_Required work_. Copy each line below in which the string "blush" occurs.

Start of Block

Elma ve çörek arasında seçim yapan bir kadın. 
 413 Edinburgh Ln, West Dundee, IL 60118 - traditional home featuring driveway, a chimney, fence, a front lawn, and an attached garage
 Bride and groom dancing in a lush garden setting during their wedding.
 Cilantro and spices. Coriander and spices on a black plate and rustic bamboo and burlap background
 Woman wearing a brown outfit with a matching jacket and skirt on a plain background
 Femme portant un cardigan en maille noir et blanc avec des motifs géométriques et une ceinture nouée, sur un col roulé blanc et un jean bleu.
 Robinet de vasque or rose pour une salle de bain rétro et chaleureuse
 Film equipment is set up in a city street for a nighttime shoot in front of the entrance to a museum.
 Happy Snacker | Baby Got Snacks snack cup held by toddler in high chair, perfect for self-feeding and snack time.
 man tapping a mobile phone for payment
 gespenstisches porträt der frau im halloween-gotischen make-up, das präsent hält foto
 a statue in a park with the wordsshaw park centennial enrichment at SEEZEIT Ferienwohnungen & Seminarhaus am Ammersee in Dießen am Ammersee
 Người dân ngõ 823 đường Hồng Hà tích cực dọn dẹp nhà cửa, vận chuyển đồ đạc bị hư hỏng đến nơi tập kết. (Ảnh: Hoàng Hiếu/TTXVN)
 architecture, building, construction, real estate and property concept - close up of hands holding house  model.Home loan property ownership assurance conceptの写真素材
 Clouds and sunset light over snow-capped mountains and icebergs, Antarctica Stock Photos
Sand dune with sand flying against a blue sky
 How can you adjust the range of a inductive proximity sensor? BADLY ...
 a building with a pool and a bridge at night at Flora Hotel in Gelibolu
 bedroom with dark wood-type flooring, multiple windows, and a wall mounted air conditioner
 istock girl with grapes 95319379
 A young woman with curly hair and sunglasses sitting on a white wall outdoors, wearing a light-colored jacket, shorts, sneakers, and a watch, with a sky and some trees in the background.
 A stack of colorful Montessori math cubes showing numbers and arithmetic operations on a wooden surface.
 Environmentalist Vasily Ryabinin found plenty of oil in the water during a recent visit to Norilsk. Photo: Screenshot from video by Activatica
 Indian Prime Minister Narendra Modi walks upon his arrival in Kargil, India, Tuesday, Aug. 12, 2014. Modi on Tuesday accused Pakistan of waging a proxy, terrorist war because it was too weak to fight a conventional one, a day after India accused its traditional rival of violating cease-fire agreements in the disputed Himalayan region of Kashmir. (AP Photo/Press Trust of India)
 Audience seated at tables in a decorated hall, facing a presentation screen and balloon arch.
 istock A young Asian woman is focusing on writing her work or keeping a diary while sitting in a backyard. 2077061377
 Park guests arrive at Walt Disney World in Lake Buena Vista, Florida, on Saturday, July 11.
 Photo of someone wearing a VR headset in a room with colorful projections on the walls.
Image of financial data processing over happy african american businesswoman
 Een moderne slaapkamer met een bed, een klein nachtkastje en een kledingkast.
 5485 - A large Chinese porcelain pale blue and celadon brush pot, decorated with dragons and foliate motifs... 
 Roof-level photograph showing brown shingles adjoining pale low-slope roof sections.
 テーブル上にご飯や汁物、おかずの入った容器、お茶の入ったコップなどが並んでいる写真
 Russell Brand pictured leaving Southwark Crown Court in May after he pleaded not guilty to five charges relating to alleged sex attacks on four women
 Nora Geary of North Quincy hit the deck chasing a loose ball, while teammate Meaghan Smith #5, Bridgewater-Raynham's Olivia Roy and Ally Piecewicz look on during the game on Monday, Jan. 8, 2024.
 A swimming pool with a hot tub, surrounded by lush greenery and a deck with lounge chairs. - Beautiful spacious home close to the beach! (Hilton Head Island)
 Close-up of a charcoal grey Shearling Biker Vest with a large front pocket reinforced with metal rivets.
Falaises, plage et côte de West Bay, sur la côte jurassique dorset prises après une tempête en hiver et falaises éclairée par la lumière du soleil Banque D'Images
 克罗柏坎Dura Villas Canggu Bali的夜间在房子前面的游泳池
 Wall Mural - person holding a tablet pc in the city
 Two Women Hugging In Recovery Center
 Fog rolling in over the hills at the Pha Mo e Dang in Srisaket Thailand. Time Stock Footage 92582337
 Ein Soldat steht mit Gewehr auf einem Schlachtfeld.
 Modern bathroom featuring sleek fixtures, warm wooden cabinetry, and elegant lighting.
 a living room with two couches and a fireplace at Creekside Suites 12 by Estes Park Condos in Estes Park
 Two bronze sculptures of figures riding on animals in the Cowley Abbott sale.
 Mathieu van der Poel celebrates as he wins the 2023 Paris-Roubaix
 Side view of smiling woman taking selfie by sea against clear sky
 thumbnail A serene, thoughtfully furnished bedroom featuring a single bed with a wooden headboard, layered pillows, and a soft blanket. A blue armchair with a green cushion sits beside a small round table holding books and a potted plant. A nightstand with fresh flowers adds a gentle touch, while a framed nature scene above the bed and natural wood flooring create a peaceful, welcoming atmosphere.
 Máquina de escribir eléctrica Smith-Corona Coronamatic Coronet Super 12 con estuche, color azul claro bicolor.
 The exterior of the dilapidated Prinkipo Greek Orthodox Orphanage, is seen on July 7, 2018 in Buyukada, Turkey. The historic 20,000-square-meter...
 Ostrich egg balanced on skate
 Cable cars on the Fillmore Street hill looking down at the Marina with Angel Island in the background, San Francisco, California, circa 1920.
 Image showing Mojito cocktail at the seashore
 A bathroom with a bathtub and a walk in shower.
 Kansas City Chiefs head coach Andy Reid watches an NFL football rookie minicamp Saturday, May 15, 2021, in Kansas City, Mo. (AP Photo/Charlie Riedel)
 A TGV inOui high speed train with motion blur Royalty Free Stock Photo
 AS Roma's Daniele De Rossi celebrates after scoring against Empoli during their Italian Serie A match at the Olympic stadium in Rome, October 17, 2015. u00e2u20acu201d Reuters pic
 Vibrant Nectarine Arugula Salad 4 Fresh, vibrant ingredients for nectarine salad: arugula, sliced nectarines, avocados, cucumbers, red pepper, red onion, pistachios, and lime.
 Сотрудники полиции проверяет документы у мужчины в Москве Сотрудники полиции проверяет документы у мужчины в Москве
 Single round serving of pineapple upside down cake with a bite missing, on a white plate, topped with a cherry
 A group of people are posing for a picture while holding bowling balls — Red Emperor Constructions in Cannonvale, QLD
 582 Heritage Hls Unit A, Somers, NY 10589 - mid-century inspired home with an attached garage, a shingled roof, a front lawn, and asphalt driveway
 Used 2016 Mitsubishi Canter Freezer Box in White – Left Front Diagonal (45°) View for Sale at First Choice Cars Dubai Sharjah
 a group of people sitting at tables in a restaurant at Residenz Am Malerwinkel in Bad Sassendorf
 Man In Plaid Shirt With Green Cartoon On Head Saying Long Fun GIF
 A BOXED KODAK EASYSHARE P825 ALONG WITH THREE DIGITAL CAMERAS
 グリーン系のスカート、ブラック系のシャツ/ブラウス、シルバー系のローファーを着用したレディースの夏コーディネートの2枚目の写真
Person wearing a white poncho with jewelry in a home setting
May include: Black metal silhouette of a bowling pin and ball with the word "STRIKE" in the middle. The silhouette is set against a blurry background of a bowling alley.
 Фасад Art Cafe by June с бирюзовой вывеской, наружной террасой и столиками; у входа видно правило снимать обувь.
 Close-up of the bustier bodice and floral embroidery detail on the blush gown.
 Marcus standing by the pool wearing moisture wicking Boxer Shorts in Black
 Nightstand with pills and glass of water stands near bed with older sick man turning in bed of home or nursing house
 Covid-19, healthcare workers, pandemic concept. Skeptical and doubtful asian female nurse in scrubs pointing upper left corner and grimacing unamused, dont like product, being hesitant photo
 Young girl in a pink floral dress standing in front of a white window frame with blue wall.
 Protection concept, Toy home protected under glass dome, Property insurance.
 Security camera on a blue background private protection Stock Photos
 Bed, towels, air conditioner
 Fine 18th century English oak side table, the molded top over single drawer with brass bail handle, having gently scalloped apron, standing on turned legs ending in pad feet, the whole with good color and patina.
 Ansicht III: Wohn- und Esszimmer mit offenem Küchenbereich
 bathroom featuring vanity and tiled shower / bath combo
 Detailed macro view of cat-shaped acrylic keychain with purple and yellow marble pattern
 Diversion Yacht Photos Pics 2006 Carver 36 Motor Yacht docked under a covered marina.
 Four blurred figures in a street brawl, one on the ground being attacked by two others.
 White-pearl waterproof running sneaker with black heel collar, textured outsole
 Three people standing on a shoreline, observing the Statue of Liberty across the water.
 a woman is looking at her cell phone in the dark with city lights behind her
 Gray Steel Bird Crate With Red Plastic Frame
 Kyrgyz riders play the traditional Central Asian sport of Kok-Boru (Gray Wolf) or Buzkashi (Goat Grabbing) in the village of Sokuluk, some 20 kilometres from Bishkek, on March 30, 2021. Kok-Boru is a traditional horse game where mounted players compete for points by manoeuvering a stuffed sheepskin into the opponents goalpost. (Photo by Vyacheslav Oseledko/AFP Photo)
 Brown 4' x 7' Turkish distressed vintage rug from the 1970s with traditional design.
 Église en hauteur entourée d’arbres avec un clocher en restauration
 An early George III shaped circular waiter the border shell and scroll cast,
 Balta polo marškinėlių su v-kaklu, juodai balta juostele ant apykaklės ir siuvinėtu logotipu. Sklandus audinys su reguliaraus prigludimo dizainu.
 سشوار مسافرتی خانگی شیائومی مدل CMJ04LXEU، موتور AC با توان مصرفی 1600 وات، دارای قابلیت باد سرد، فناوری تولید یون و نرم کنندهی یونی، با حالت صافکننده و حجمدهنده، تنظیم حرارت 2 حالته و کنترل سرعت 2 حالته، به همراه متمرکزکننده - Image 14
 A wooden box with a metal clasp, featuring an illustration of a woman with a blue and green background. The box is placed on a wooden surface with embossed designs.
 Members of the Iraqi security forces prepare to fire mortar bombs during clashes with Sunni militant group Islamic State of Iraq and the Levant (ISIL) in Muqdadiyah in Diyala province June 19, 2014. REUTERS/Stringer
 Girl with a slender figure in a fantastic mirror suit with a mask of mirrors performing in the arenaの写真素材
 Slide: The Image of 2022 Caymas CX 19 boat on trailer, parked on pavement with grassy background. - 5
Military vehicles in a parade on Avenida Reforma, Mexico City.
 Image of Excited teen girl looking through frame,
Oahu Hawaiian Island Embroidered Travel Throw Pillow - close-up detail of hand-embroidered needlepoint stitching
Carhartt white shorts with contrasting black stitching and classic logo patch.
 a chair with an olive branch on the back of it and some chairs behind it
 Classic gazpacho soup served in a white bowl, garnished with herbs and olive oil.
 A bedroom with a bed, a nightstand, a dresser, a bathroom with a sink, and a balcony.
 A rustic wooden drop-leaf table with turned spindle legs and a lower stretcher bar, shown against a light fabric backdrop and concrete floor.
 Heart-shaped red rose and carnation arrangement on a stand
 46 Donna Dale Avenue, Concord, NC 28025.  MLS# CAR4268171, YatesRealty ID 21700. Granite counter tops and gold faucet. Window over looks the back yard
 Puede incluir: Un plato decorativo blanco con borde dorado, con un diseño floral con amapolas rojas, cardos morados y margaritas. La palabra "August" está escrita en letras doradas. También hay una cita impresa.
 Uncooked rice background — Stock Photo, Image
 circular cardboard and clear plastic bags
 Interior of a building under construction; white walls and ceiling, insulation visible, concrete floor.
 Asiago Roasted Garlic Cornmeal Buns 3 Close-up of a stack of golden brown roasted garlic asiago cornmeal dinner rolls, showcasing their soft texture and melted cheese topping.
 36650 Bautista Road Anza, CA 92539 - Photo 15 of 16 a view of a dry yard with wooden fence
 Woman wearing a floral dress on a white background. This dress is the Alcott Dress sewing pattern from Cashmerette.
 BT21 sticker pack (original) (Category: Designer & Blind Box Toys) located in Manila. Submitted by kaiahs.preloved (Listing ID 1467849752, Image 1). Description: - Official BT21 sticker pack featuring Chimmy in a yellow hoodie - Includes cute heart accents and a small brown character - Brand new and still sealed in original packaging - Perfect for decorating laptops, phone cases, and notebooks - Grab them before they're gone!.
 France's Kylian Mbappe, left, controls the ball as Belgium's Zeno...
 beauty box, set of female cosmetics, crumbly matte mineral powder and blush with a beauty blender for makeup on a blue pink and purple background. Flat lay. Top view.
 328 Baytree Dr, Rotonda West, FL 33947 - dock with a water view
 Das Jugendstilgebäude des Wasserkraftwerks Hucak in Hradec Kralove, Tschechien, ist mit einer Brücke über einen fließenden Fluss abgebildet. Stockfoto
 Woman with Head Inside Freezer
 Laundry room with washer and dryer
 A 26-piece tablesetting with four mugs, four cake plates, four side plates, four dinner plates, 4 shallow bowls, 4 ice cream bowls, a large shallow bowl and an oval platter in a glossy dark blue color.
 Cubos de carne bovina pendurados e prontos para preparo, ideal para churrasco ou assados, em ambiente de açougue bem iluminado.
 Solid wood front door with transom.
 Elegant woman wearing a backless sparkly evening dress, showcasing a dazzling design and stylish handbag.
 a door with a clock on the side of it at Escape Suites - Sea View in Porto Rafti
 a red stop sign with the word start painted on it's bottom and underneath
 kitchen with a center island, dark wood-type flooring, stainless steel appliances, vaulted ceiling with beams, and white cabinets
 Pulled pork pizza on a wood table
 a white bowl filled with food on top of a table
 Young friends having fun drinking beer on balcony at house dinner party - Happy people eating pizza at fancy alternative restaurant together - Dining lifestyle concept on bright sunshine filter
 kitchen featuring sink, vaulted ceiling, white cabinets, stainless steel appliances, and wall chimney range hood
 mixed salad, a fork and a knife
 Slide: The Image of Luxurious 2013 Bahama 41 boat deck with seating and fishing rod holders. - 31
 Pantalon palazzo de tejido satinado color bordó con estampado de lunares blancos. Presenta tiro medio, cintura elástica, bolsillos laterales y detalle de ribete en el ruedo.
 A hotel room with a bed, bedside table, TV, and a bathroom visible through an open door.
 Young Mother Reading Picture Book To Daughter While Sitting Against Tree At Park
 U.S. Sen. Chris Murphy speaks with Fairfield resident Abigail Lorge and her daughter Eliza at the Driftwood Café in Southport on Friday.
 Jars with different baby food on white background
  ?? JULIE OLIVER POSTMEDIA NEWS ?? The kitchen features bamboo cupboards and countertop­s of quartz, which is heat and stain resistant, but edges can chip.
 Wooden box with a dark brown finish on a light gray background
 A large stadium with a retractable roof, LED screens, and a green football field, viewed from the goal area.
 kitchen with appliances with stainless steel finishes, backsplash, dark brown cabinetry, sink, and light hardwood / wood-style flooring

End of Block

_Exercise solution_.
 Close-up of the bustier bodice and floral embroidery detail on the blush gown.
 beauty box, set of female cosmetics, crumbly matte mineral powder and blush with a beauty blender for makeup on a blue pink and purple background. Flat lay. Top view.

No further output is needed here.